** Opening RECORDS SHOWN block **

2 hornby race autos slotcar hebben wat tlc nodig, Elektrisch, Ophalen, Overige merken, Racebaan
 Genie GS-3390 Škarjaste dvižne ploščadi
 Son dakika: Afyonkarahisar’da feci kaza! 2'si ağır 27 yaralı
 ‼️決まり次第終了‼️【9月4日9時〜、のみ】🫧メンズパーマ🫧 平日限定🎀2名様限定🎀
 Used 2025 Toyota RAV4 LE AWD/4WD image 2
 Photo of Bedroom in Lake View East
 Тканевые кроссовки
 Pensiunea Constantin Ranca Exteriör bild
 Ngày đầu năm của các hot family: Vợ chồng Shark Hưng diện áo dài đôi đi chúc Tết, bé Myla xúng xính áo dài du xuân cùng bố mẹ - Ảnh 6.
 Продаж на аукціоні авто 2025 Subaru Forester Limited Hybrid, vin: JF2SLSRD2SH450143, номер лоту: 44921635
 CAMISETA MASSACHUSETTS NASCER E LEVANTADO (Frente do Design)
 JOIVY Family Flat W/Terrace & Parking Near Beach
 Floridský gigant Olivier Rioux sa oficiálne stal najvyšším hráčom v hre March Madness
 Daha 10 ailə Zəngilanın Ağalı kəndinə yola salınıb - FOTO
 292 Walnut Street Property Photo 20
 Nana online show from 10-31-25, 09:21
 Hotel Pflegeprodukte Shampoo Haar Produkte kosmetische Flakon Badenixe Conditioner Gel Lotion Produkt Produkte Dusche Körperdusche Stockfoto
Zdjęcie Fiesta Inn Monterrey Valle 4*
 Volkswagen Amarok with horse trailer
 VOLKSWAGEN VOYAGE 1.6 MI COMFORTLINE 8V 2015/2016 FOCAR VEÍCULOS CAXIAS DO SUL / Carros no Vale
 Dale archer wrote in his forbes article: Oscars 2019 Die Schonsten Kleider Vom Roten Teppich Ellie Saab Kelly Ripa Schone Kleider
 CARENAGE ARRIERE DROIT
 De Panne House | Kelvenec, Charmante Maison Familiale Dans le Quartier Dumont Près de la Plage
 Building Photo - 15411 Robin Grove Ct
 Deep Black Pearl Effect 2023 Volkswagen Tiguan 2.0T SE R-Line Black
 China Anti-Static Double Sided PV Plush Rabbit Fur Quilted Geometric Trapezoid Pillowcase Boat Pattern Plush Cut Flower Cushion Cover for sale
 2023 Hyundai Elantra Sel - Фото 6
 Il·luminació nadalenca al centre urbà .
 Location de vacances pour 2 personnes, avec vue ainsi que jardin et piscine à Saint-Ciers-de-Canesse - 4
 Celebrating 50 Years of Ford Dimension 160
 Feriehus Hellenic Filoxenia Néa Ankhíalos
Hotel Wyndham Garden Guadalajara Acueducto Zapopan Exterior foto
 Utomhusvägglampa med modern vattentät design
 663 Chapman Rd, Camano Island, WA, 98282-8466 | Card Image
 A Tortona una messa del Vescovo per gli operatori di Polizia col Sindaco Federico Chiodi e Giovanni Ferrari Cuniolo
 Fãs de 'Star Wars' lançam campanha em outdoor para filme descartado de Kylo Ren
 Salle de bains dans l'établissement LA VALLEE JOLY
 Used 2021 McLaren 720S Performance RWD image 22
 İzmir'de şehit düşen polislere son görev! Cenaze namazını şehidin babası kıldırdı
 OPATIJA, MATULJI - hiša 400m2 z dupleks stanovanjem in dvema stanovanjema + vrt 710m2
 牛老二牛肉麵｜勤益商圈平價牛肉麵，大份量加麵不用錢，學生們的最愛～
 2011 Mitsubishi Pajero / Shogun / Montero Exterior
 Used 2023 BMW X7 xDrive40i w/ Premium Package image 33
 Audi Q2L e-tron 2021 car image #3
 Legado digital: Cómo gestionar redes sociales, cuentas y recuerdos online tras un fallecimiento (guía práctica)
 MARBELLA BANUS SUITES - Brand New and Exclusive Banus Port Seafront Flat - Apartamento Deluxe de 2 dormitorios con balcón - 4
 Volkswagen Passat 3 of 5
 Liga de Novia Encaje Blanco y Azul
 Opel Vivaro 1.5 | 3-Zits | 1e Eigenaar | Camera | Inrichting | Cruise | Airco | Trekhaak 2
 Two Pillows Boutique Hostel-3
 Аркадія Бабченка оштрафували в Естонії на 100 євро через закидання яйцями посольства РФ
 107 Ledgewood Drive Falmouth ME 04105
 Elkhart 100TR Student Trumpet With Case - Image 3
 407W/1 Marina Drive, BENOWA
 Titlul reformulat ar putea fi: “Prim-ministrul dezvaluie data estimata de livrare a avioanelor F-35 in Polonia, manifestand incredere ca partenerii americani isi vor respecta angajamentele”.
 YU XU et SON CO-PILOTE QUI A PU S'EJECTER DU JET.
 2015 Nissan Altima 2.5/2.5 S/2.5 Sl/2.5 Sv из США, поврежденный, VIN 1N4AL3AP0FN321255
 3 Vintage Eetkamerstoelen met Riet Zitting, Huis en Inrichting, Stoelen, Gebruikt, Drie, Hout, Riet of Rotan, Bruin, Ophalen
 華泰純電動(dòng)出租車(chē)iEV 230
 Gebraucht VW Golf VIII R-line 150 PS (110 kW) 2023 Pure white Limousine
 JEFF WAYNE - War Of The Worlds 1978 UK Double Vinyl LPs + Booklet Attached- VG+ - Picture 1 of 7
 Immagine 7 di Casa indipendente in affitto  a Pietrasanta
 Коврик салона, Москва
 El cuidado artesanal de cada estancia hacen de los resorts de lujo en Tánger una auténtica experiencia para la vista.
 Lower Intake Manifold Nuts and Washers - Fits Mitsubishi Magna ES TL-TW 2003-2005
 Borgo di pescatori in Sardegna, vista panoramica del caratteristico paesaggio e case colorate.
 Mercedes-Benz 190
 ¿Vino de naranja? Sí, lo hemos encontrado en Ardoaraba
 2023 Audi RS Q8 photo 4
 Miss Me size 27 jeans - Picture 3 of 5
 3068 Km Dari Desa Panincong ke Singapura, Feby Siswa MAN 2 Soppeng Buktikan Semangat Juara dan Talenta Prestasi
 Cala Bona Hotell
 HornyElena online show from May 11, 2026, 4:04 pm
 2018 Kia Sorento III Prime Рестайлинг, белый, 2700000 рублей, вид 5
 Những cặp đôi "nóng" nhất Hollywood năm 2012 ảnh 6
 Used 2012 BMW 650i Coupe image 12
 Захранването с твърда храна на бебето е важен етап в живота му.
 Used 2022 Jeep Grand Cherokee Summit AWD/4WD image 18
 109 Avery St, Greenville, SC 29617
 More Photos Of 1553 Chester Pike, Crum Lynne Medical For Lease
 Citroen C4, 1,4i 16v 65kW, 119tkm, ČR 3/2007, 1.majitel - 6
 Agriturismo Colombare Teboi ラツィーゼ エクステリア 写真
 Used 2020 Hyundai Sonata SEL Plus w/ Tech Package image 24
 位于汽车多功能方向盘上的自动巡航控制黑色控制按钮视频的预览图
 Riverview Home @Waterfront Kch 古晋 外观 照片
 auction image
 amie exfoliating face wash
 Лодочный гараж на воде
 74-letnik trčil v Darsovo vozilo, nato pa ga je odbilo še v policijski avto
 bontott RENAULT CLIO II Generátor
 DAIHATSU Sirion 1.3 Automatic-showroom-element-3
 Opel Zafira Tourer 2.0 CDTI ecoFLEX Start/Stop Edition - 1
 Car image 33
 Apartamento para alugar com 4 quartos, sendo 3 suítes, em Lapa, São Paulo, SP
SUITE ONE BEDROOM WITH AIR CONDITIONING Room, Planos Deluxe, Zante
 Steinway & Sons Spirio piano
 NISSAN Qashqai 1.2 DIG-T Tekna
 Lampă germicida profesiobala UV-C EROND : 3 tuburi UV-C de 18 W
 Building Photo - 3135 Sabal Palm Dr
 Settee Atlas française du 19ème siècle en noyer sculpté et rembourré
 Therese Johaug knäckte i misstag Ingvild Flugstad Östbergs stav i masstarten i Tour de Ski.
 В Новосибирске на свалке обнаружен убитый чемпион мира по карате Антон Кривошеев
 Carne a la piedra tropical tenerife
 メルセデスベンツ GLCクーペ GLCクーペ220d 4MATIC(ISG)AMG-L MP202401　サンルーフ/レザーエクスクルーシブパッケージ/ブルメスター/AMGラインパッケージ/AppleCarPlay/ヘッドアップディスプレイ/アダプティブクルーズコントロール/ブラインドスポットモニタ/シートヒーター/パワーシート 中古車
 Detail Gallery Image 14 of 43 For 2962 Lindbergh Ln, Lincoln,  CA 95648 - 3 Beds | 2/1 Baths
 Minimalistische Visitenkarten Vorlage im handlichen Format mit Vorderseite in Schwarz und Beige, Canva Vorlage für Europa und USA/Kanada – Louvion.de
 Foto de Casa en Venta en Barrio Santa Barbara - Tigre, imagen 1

** Closing RECORDS SHOWN block **

● WHAT YOU NEED TO DO
Look through the entries above and find each line where the word "online" occurs; copy those lines.

● TASK OUTPUT
 Nana online show from 10-31-25, 09:21
 Legado digital: Cómo gestionar redes sociales, cuentas y recuerdos online tras un fallecimiento (guía práctica)
 HornyElena online show from May 11, 2026, 4:04 pm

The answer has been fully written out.